During our conversation today Dina shares her background as a forager and herbalist, and her background as a permaculture practitioner which began with a design course taught by Geoff Lawton. We also discuss the plants she chose for the book, the difference between edible and culinary plants, and the distinction about historical and modern food safety.

This interview is part of the ongoing series on rewilding and foraging. I have links to the earlier episodes in the show notes. Start with this interview and work your way back through theses podcasts to learn more about wild foods, edible plants, and how we can improve the gifts we receive from them and our relationships with those plants.

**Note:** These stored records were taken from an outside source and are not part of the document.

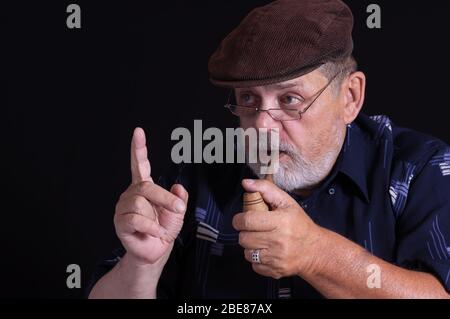 Künstlerisches Porträt eines bärtigen älteren Mannes, der Tabakpfeife hält und Zeigefinger vor schwarzem Hintergrund zeigt Stockfoto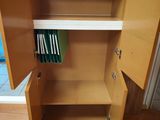 a wooden cabinet with a door open and a file folder in it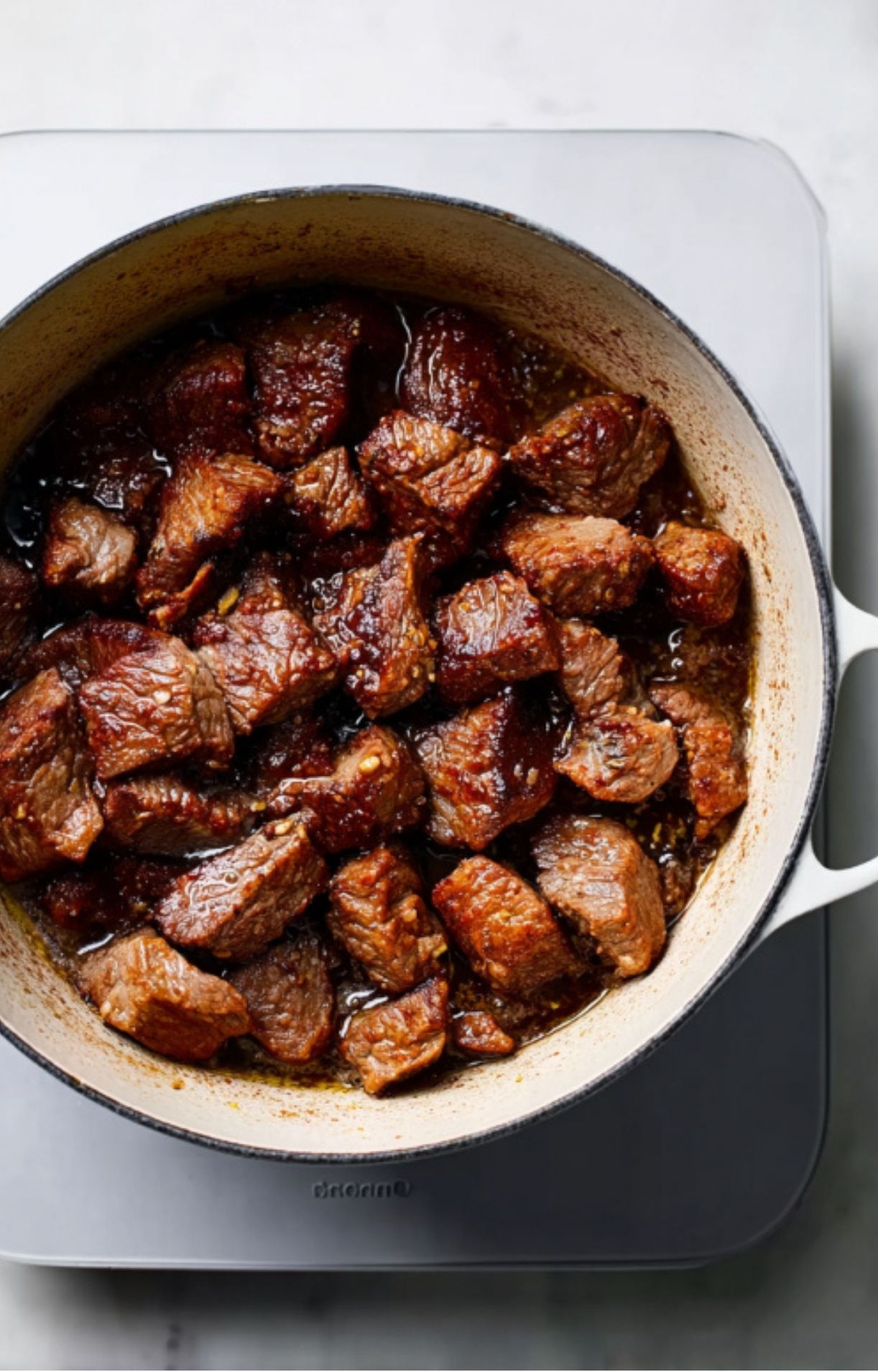 Cubes of beef chuck or brisket searing in a pot, coated in a dark, savory spice rub and juices.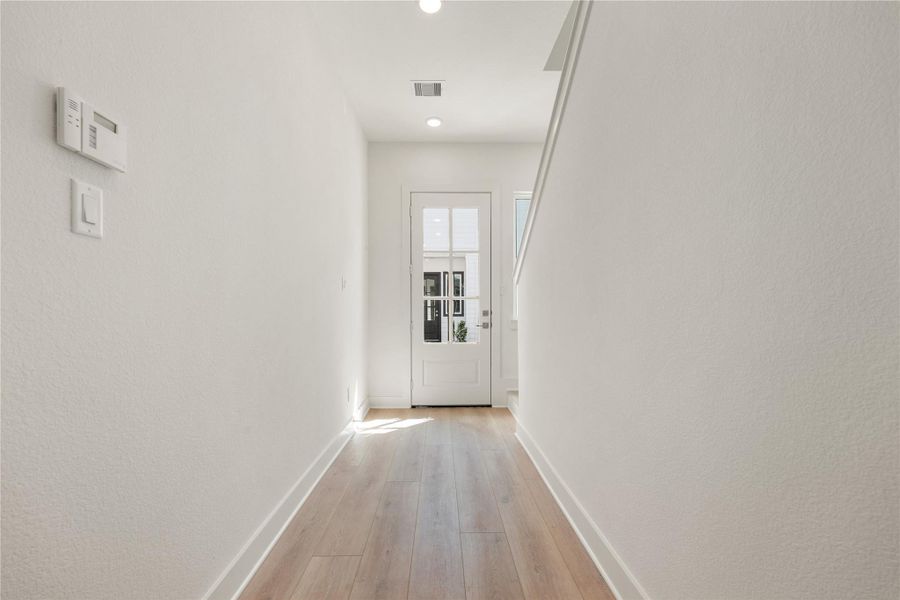 Walking into this gorgeous home, you get a feel of just how open and bright everything is. This space showcases soaring high ceilings, recessed lighting, custom paint for a cooling feel, and gorgeous wood flooring. This home is absolutely beautiful!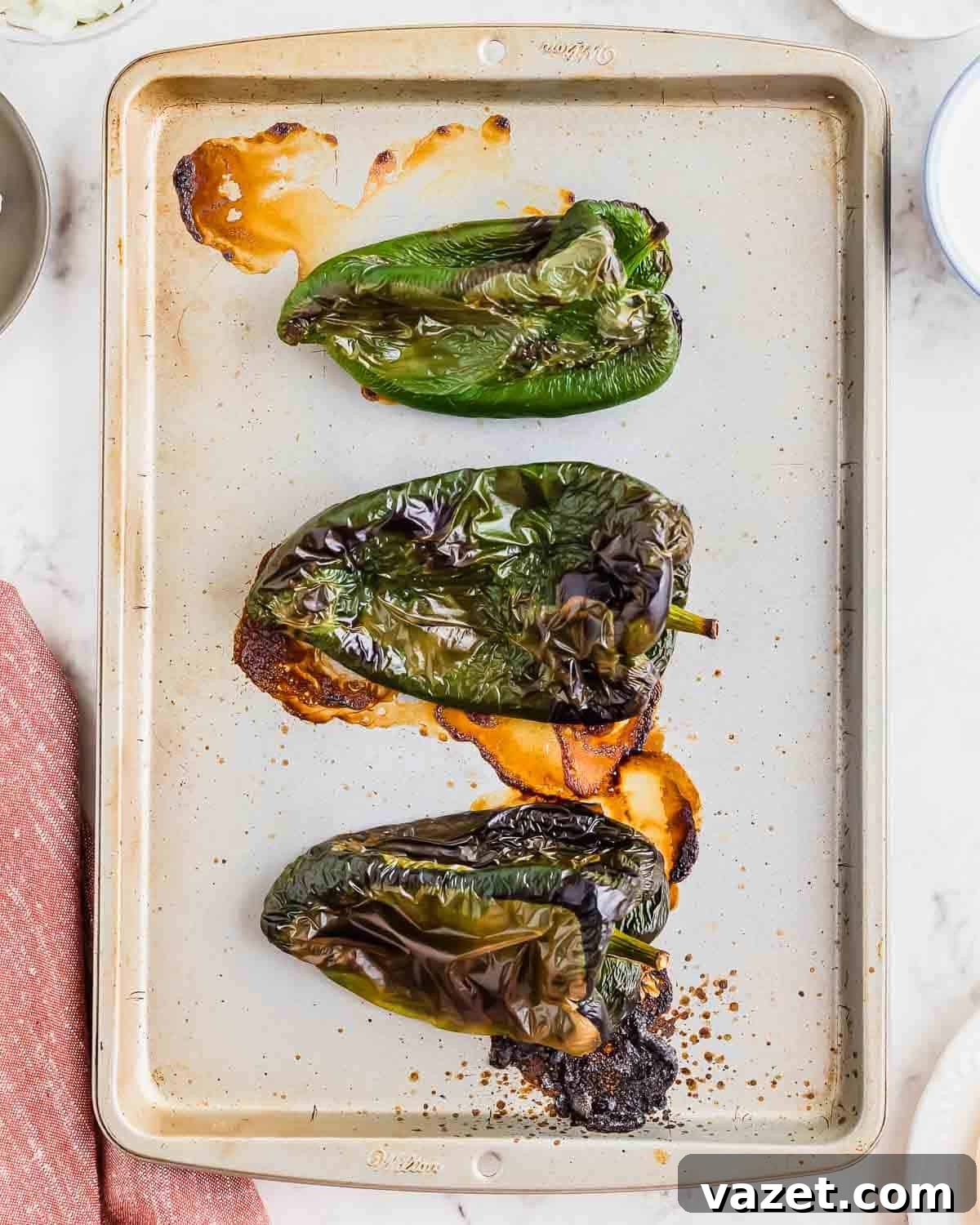 A baking sheet filled with perfectly roasted poblano peppers, charred and ready to add smoky flavor to the sauce.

As usual from an interview, I walk away with from this interview with more thoughts that build and expand my repertoire as a permaculture practitioner. The first is that I am adapting the recipes from the book into a series of lessons to use in my own cooking to teach my children a variety of basic formulas so they can be prepared to cook with whatever they have on hand, whether wild, picked from the garden, or bought at market.

That leads to the moment that Dina and I talking about master skills. Cooking is definitely something that everyone should learn to some degree. To that we also include foraging. To that list of I would add creating fire, tool making, building, such as carpentry or masonry, and permaculture design. That is a very basic list, but I wonder what you would add to it based on where you live and what you do. What are the basic master skills you would teach to build a permaculture community? One that truly cares for earth, the individuals, and the culture?

I wonder how teaching those skills now, to interested adults and children, can influence the way we live. Will we find greater personal and community freedom by having more self-reliance? How will that change the culture we create and live in?

I’d like to hear your ideas. Get in touch.

Email: show@thepermaculturepodcast.com
Call: 717-827-6266

Of write if you would prefer:

The Permaculture Podcast
P.O. Box 16
Dauphin, PA 17018

You can also leave a comment in the show notes, send a tweet to @permaculturecst, or join in the conversations on facebook. Facebook.com/thepermaculturepodcast.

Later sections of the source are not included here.